§ WHAT TO WORK ON: Quote the records that follow in full, leaving the pictures out.

[Image-caption web data]
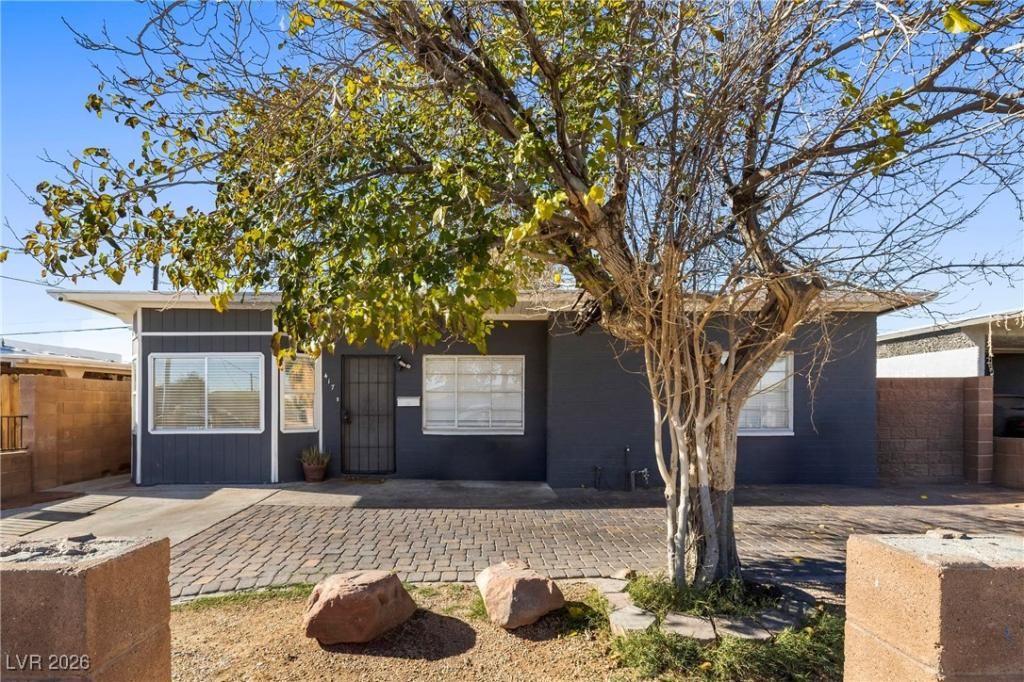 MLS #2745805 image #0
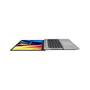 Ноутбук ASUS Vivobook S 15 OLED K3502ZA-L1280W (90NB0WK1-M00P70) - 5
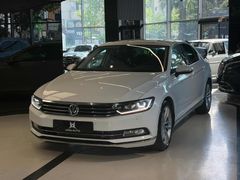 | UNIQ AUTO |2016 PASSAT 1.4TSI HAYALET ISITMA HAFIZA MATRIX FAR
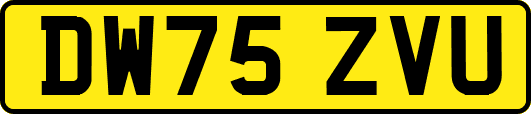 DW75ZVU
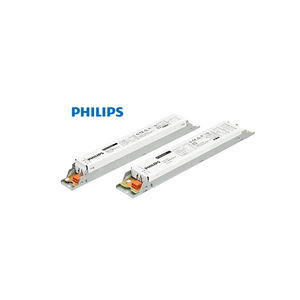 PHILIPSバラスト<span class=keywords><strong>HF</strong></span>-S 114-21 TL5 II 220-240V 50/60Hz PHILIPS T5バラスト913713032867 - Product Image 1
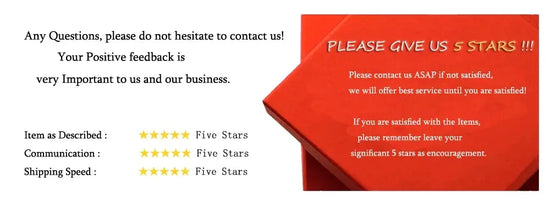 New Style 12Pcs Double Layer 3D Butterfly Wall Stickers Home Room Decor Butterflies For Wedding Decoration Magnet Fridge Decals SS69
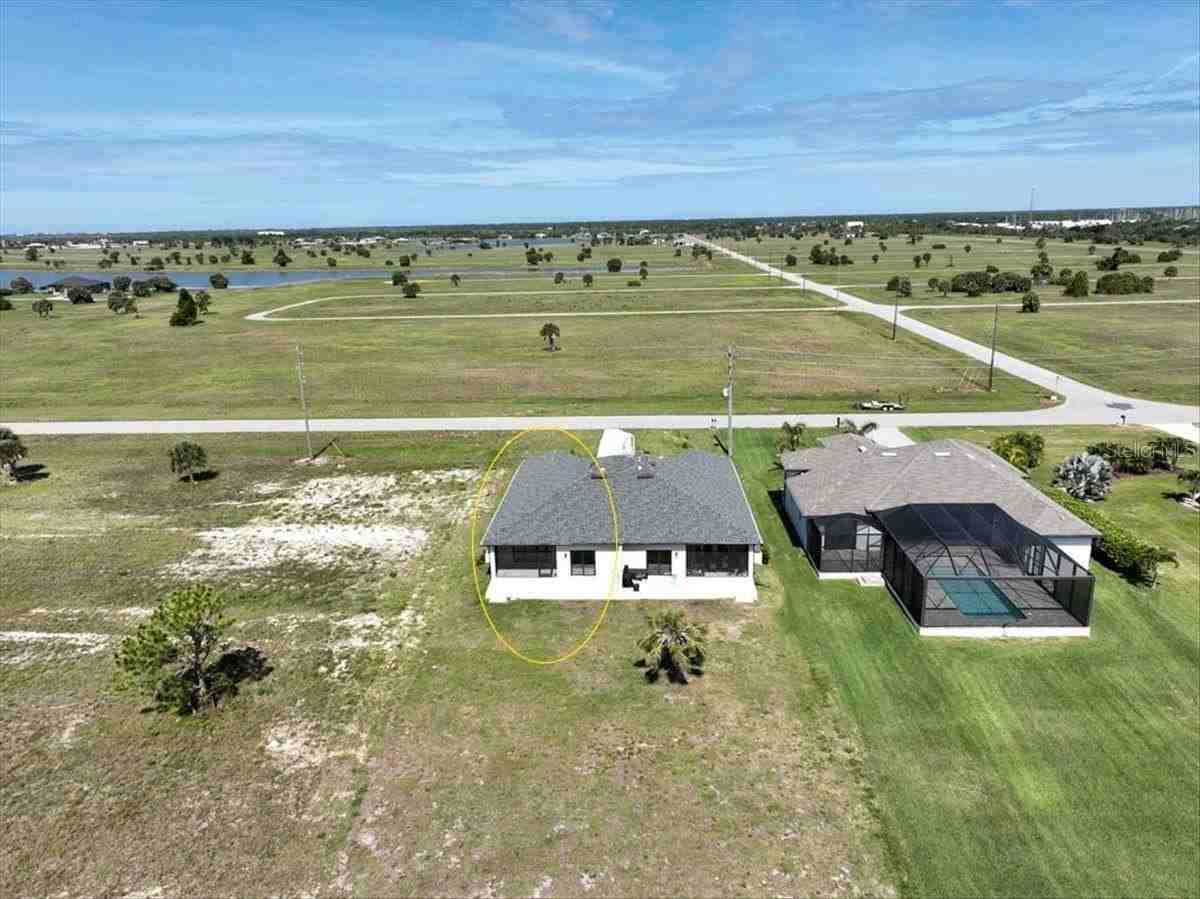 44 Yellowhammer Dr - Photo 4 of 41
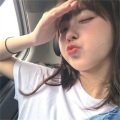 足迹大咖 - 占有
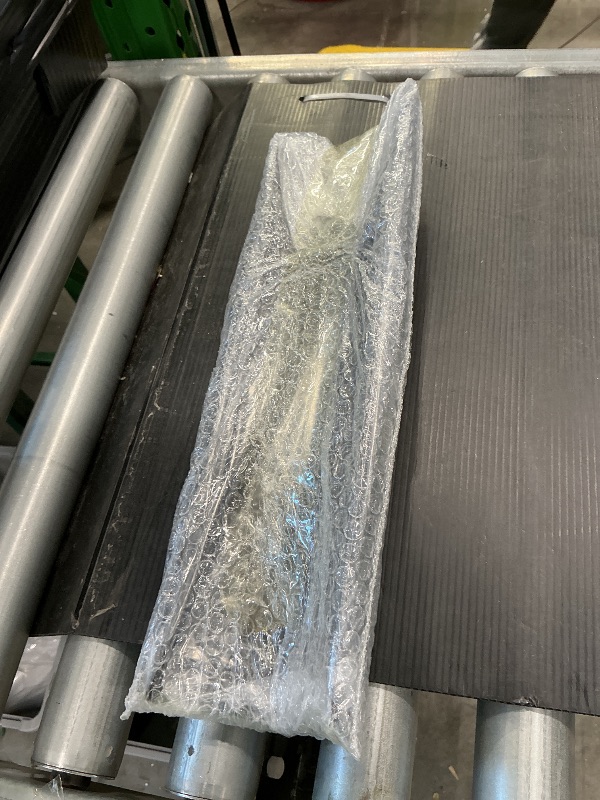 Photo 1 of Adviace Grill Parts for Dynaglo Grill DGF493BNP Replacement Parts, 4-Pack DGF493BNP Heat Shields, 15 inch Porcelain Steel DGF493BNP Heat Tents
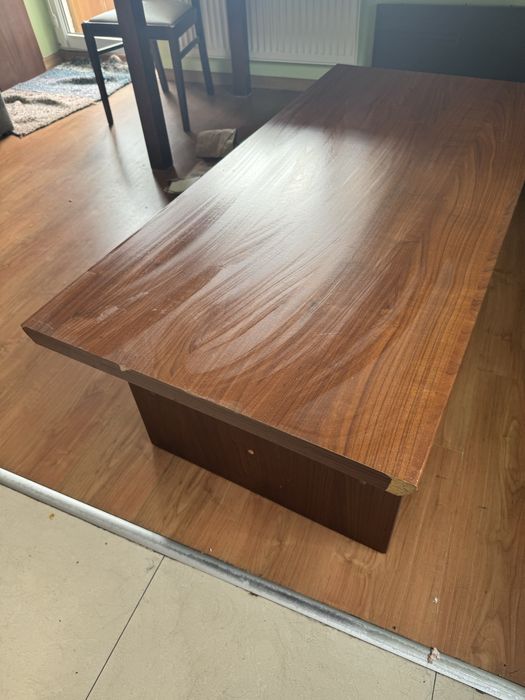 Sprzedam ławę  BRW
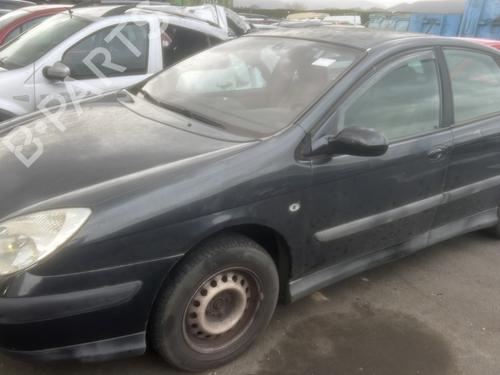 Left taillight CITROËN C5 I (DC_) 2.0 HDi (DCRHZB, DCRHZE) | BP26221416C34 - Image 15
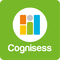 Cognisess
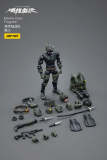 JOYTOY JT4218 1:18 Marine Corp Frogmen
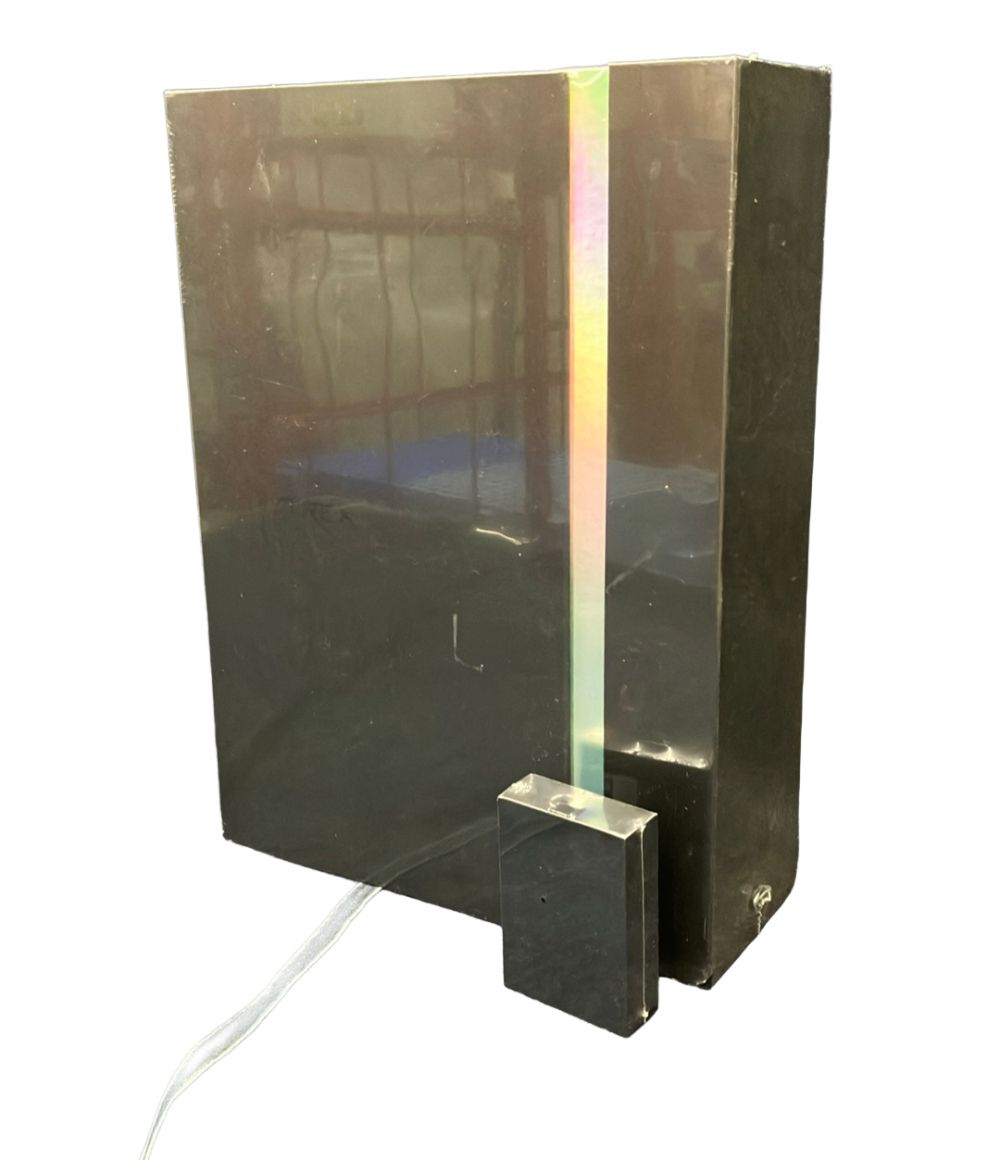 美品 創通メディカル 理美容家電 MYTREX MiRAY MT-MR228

§ EXERCISE SOLUTION:
 MLS #2745805 image #0
 Ноутбук ASUS Vivobook S 15 OLED K3502ZA-L1280W (90NB0WK1-M00P70) - 5
 | UNIQ AUTO |2016 PASSAT 1.4TSI HAYALET ISITMA HAFIZA MATRIX FAR
 DW75ZVU
 PHILIPSバラスト<span class=keywords><strong>HF</strong></span>-S 114-21 TL5 II 220-240V 50/60Hz PHILIPS T5バラスト913713032867 - Product Image 1
 New Style 12Pcs Double Layer 3D Butterfly Wall Stickers Home Room Decor Butterflies For Wedding Decoration Magnet Fridge Decals SS69
 44 Yellowhammer Dr - Photo 4 of 41
 足迹大咖 - 占有
 Photo 1 of Adviace Grill Parts for Dynaglo Grill DGF493BNP Replacement Parts, 4-Pack DGF493BNP Heat Shields, 15 inch Porcelain Steel DGF493BNP Heat Tents
 Sprzedam ławę  BRW
 Left taillight CITROËN C5 I (DC_) 2.0 HDi (DCRHZB, DCRHZE) | BP26221416C34 - Image 15
 Cognisess
 JOYTOY JT4218 1:18 Marine Corp Frogmen
 美品 創通メディカル 理美容家電 MYTREX MiRAY MT-MR228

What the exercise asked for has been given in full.